Looking at the code, it appears that the database file is produced by pickling into memory before writing to the file, hence the memory usage increases by over 0.5GB as it is being written back - and, depending on the database size, this can blow the memory space of a 32-bit process.

Firstly, I do have a medium term plan to move us to 64-bit Python with the move to Python 3 but we still need to stick with 32-bit Python at the moment (for example, we have to load 32-bit DLLs) so I need to fix this for 32-bit Python in the short term.

Secondly, I've had a look at the old (?) .sconsign per directory approach, which would seem to address this problem. I assume that this is still supported and should be as robust as the single file approach?
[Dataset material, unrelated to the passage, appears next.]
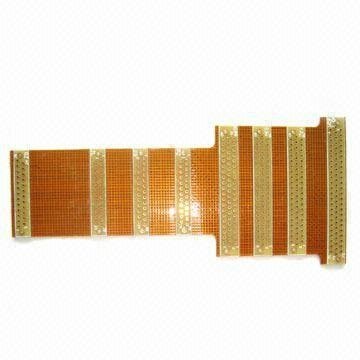 Flexible PCB with Panel Delivery, Used for CMOS Image Sensor Module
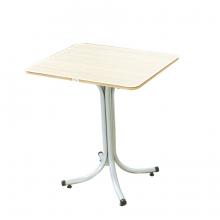 CONJUNTO DE MESA TEMPERO COM 2 CADEIRAS EMPILH&Aacute;VEIS EM PP E TAMPO MDF 15MM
The only issue with this is that some of the .sconsigns appear in the directories beside the source code, which breaches the contract for our build system, where no file may be produced within the directories containing source code. Where we use VariantDirs (for the actual implementation files), there is no problem but, for header files, the .sconsign ends up in the include or interface directory. I can see how I can reasonably easily monkey patch the DirFile class in SConsign.py to override the directory in which the .sconsign resides but, before I do this, I wanted to check that there is no easier way to achieve the builds without a memory issue.

Thanks,

Steve.
Hill, Steve (FP COM)
2017-12-01 13:21:55 UTC
Permalink
Hi Bill,



Just to follow up on this. I’ve just monkey patched the DirFile class in SConsign.py so that it writes the sconsign into a single temporary directory with each sconsign named with an adler32 hash of the directory path.



After doing the 4 basic builds, the directory contains 10,745 sconsigns totalling 674MB. Using –debug=memory, the peak memory usage of the worst case build was 925 MB, compared to ~1.4GB for the same build with the monolithic sconsign (so the difference is basically the cost of pickling the sconsign into memory first).



Cheers,



S.





Hi Bill,



Our code base is not that big – about 20,000 files, but most files get built multiple times (for different CPUs) and we build it in several different ways, each with many of their own VariantDirs. When the 4 most common builds are done, the .sconsign (having been deleted first) is just under 500MB but, given a bit of history or add in some of the less common builds, and it gets big enough to blow the memory space of Python.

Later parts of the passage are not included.